Ispirato all’omicidio del primo ministro indiano Rajiv Gandhi, avvenuto nel 1991, “The Terrorist” è il primo lungometraggio diretto da Santosh Shivan, già direttore della fotografia di lungo corso, insignito di alcuni importanti premi nazionali. Girato in soli 17 giorni nelle location di Kerala e Madras, con un piccolo budget ed un cast composto esclusivamente da attori non professionisti, il film ha ottenuto significativi riconoscimenti in diversi festival internazionali e suscitato l’ammirazione di John Malkovich, che ne ha curato la presentazione sul mercato statunitense. Chi pretenda, da opere incentrate sull’argomento terrorismo, l’andamento frastornante e spettacolarizzato di pellicole quali “Trappola di cristallo” (1988) o “The Peacemaker” (1997), eviti di andare a vederlo: l’approccio prescelto dal cineasta indiano è introspettivo ed intimista, sulla scia del suo illustre conterraneo Satyajit Ray o del rigoroso Robert Bresson. Protagonista della vicenda narrata è la diciannovenne Malli: figlia di un poeta nazionalista, sorella minore di un giovane immolatosi col cianuro alla causa della rivoluzione (ella medesima ne ha vendicato la morte, giustiziando chi lo tradì), la fanciulla vive in un campo di addestramento ove impara a sacrificare  anche la vita per il proprio paese. Prescelta per assassinare un importante leader politico, facendosi saltare in aria accanto a lui durante una cerimonia, la seguiamo nei suoi ultimi giorni prima dell’attentato: ne verifichiamo la dura scorza che però nasconde ferite mal rimarginate, la vediamo combattere contro il tarlo del dubbio in nome di una tenerezza che assume forme impreviste ed inattese.
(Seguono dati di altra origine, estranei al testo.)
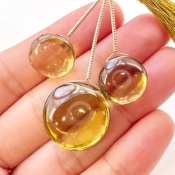  53.35 Carat Olive Quartz 14.5-20mm  Round Shape AAA Grade Matched Gemstone Beads Set - Total 3 Pcs.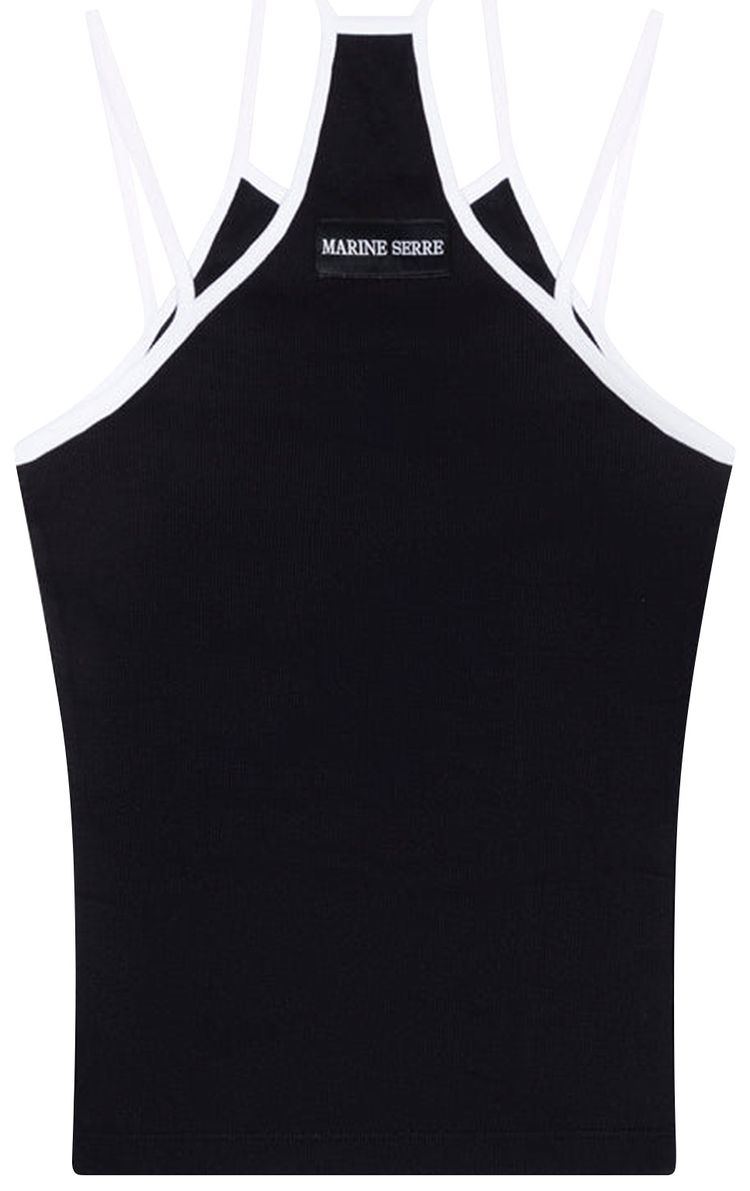 Marine Serre Organic Tennis Court Top Black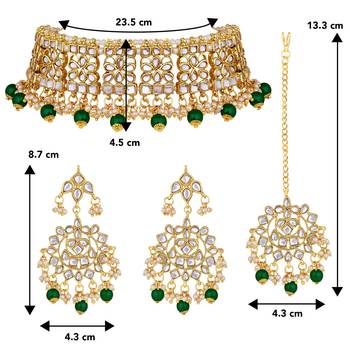 Aheli green choker necklace earring maang tikka set gift for women 4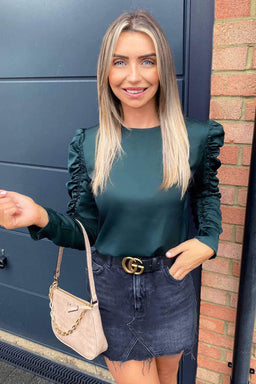 Teal Ruched Long Sleeve Top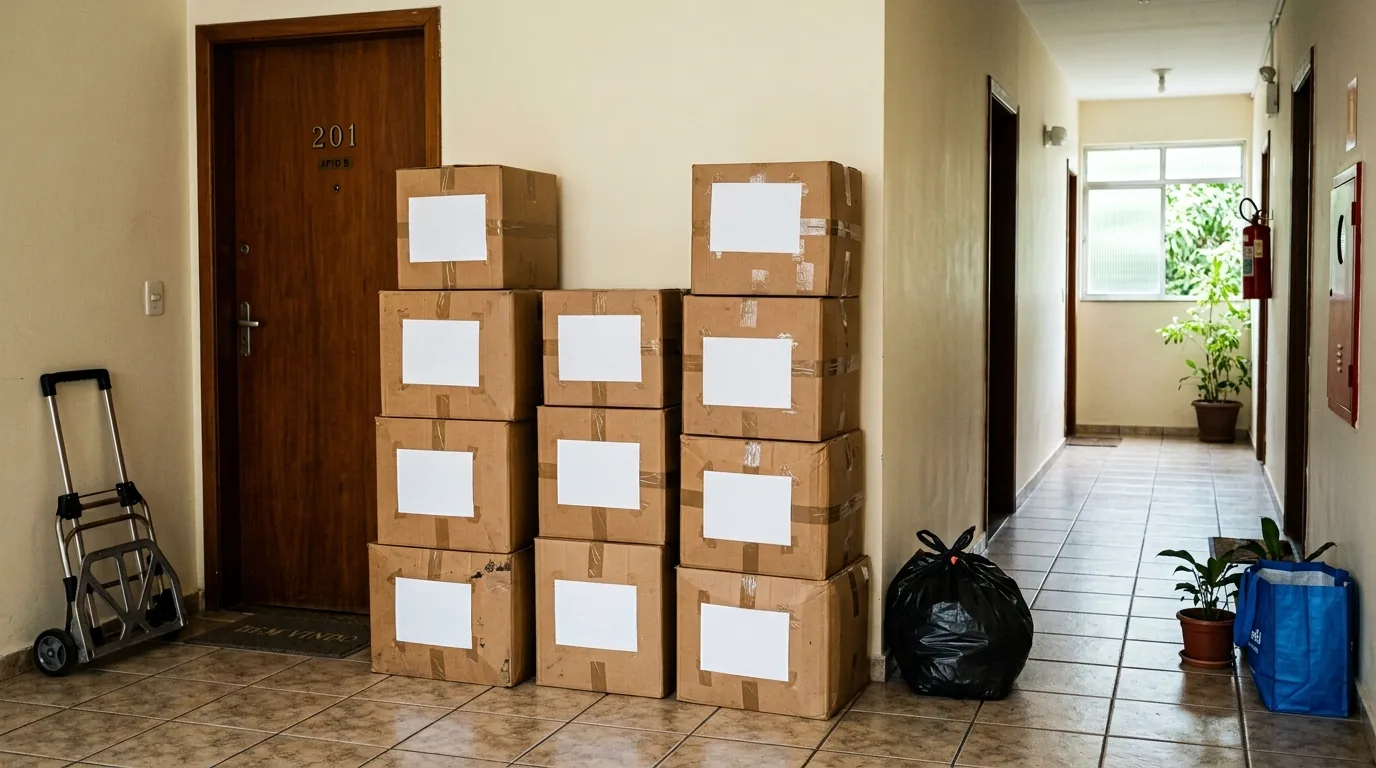 Caixas de mudança etiquetadas por cômodo empilhadas perto da porta do apartamento em Mogi Guaçu, Mogi Mirim e região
Non vi sveleremo la decisione ultima della ragazza, non vi diremo se ella si risolverà alla fine a premere o meno il fatidico pulsante dell’esplosivo: non è questo, d’altro canto, quel che qui più conta. Il principale interesse di “The Terrorist” , infatti, risiede nell’attenta notomizzazione della psicologia della protagonista: lungi dal presentarla come un essere inumano e privo di sentimenti, Malli viene seguita passo dopo passo nel corso della sua odissea nella consapevolezza, lungo i sentieri che portano verso l’amore ed il rispetto per se stessi prima che per gli altri. Possono essere discorsi difficili da fare, oggi, in tempi di demonizzazione onnicomprensiva della lotta politica condotta con mezzi violenti: d’altro canto - come annotava acutamente l’autorevole Roger Ebert sul “Chicago Sun Times” - è difficile negare del rispetto a persone pronte a pagare il prezzo più elevato per quanto fanno, così collocandosi quantomeno su un piano morale superiore rispetto a chi comanda a distanza la morte, farneticando di “bombe intelligenti”.
D
ibattito ideologico a parte, “The Terrorist” è una tra le cose più convincenti di un’estate cinematografica ricca di titoli ma carente sul versante della qualità: andate a vederlo, vi riconcilierete con il buon cinema.